As the UNIX market grew, the competition for customers became fierce. “Compatibility among products,” which helped the UNIX vendors win converts from the proprietary world, turned from an asset to a liability. In an attempt to imitate the lock-in strategies that had served the mainframe vendors so well for so many years, the UNIX vendors themselves began adding incompatible features to their respective products. This ultimately fragmented the market and alienated customers. By the late 1980s, UNIX was no longer a lingua franca for the workstation market, but a veritable tower of babel.
Meanwhile, IBM’s decision to use off-the-shelf parts in the IBM PC inadvertently created the industry’s first open hardware platform. It was not long before a new wave of entrants such as Compaq, Dell, and Gateway realized they could build products that were 100% compatible with the IBM PC, thus gaining access to a large base of applications and users, much as Sun had done by adopting UNIX. On the component side, two companies experienced the biggest windfall from IBM’s decision: Intel and Microsoft. As the clone market emerged, both companies found an entire market to sell to, not just a single company—a much larger opportunity, even if that single company was IBM.
It was at this point the events set in motion by IBM and Sun first intersected. As the UNIX vendors were competing vigorously with each other through the introduction of proprietary extensions to UNIX, thereby “decommoditizing” the lowest level of the software stack, the fully commoditized PC waited in the wings. As PCs became more powerful, they began to replace workstations, and as PCs continued their march upmarket, the market power of the PC vendors (and, thus, the vendors of their constituent components) increased dramatically. In particular, the new ubiquity of the PC helped Microsoft’s Windows operating system replace UNIX as the lingua franca of not just the new PC-based workstation market, but of the entire computer industry.

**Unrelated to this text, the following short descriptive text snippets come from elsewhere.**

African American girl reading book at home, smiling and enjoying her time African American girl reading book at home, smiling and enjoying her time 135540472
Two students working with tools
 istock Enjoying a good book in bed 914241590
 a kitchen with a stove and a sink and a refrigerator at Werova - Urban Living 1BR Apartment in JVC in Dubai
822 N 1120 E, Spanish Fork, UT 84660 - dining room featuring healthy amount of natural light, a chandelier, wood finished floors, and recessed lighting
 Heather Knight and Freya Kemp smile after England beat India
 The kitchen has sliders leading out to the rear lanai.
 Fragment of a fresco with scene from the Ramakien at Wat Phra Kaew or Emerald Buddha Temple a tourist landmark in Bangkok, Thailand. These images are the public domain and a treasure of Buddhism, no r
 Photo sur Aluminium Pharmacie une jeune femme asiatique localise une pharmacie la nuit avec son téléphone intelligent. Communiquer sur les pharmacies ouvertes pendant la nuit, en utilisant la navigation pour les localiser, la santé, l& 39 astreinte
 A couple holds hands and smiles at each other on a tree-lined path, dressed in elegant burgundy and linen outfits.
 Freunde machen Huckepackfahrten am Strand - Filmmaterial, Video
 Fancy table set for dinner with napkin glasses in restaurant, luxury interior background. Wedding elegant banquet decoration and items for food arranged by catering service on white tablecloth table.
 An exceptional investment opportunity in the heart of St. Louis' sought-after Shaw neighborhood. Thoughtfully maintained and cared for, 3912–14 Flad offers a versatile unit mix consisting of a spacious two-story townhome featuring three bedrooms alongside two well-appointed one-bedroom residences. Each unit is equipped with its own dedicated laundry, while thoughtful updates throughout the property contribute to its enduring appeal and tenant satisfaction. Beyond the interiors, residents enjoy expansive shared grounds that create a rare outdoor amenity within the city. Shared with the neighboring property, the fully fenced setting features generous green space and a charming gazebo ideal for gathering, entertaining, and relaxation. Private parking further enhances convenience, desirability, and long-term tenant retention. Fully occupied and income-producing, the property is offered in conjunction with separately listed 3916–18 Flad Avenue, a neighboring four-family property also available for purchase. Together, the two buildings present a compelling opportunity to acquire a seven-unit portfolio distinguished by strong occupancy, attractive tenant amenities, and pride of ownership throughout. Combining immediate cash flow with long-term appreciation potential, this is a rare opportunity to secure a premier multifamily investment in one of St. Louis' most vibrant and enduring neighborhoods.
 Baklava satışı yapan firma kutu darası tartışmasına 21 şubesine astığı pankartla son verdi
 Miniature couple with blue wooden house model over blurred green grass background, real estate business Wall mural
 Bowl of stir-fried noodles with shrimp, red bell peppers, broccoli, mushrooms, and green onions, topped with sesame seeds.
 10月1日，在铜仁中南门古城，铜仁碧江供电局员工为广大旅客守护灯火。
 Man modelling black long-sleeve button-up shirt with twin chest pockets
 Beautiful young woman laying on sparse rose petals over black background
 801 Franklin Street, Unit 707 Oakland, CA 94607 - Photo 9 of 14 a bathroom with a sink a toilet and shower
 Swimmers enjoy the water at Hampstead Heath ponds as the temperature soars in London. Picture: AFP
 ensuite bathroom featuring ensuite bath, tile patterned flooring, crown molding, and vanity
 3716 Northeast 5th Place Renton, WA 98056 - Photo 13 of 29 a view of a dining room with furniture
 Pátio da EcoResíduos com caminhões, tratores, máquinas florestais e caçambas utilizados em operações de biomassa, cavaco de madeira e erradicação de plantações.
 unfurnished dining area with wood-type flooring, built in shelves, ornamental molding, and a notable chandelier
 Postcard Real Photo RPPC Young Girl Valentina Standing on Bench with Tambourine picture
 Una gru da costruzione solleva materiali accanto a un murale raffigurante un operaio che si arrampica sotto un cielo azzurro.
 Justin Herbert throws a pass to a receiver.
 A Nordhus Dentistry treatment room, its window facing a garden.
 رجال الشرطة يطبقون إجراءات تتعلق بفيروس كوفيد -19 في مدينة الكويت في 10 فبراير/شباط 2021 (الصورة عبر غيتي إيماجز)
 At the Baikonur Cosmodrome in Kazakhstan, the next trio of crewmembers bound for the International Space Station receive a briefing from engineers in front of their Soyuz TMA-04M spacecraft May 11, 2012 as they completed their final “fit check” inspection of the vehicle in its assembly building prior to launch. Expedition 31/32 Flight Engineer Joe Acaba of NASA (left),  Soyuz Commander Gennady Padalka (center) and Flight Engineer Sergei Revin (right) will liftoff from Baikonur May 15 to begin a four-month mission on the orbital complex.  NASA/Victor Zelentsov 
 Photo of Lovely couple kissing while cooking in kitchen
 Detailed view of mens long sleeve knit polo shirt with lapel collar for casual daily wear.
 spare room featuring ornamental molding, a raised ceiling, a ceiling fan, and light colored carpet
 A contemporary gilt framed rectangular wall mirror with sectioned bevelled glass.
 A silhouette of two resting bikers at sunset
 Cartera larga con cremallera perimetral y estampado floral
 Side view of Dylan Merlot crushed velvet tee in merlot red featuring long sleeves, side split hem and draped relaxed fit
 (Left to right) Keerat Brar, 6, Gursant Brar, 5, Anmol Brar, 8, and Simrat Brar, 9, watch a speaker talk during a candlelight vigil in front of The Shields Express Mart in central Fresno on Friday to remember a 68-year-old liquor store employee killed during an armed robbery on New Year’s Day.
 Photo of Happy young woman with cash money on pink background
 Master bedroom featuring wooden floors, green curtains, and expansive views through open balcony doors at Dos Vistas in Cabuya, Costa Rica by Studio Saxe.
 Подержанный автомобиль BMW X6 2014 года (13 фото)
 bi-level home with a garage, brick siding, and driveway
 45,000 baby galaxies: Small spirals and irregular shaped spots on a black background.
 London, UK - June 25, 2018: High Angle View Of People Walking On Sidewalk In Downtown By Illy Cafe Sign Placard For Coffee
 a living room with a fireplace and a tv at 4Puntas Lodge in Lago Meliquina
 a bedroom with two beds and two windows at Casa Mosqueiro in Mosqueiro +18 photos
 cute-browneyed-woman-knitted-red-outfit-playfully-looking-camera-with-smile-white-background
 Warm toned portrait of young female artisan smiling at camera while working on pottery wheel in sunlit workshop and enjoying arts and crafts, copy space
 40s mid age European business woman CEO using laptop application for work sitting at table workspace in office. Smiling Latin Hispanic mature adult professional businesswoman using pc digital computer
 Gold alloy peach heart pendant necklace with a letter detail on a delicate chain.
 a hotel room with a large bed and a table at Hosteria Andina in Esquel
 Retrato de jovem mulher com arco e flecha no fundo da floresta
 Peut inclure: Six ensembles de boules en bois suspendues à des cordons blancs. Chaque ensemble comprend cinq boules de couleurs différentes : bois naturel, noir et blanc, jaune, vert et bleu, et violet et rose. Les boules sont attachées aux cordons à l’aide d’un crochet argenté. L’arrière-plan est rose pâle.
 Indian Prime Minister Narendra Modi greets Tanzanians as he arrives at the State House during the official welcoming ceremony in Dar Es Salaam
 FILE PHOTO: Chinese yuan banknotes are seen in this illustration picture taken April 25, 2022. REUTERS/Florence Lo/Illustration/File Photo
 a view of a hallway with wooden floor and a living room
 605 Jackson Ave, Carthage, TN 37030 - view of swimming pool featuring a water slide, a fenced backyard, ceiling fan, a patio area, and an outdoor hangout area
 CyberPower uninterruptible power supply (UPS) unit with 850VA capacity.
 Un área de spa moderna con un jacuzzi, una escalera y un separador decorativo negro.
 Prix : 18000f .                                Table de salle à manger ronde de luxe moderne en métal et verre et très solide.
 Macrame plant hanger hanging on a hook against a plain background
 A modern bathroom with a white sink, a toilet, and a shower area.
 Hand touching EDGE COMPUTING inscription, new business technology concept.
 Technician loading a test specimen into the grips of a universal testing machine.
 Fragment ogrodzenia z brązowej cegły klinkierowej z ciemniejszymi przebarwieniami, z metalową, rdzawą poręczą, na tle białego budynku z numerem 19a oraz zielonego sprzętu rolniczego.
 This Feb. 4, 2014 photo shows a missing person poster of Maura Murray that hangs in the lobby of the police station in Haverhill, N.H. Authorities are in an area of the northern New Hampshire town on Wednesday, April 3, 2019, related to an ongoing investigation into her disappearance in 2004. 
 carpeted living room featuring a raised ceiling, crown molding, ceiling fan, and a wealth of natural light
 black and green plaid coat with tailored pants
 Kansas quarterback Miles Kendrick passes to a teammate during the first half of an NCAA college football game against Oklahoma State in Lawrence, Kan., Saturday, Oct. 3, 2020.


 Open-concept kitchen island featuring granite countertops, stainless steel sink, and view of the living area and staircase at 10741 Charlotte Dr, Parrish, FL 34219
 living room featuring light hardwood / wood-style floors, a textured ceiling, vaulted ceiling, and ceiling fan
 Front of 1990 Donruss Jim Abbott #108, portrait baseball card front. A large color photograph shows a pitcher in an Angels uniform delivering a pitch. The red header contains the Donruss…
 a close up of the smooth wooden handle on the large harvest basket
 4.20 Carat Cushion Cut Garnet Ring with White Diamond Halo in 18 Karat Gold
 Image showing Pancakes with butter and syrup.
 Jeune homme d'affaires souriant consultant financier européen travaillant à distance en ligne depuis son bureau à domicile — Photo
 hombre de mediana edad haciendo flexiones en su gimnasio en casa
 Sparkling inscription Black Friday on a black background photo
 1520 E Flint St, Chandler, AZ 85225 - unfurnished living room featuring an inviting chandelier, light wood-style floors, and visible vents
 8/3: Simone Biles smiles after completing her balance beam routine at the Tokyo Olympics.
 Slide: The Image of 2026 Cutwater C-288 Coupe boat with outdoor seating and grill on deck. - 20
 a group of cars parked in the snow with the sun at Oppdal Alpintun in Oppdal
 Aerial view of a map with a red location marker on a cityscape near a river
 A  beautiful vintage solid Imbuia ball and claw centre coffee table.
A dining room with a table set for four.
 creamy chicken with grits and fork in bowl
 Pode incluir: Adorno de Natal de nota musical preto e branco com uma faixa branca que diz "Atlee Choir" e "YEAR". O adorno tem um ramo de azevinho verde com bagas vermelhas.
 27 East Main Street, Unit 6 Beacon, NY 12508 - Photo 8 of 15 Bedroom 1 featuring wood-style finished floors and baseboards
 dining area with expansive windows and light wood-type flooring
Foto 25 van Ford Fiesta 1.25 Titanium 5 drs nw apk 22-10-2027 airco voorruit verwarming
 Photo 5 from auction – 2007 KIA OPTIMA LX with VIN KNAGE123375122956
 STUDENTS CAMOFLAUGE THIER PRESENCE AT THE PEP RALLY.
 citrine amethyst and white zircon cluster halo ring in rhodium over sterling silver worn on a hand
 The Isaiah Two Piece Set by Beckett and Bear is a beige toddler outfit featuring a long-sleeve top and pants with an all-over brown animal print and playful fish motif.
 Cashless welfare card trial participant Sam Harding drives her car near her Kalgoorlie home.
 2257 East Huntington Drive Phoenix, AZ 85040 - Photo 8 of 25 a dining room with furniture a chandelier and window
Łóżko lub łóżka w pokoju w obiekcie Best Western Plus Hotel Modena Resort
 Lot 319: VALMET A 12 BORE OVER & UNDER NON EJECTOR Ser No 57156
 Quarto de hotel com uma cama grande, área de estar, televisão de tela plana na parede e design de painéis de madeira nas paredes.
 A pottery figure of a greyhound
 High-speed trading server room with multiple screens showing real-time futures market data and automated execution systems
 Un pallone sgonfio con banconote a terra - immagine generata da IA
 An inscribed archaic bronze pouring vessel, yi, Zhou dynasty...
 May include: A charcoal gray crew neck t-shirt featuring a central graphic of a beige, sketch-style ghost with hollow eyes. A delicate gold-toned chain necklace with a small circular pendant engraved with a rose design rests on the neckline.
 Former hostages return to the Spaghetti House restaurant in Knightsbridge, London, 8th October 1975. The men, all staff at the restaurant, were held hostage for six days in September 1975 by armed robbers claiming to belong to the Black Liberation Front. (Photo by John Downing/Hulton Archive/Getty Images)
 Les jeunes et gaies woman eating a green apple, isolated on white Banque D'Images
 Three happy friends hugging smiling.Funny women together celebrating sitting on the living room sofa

Why did UNIX fail while the PC has succeeded beyond anyone’s wildest expectations, particularly those of its progenitor, IBM? Both began life as open systems—as ecosystems of sorts—and both grew enormously popular because of their open nature. On the UNIX side, though, each vendor tried to own the ecosystem all to itself, and in the end, all they collectively managed to do was destroy it. Meanwhile, on the PC side, the ecosystem won out in the end, for the betterment of all who embraced that ecosystem; and, most importantly, the existence of that ecosystem enabled the creation of other ecosystems above it. For example, without a truly open platform in every office and den, the Internet would not have been able to take root, and it too evolved into an ecosystem that has spawned countless products, services, industries and ecosystems that were previously unimaginable.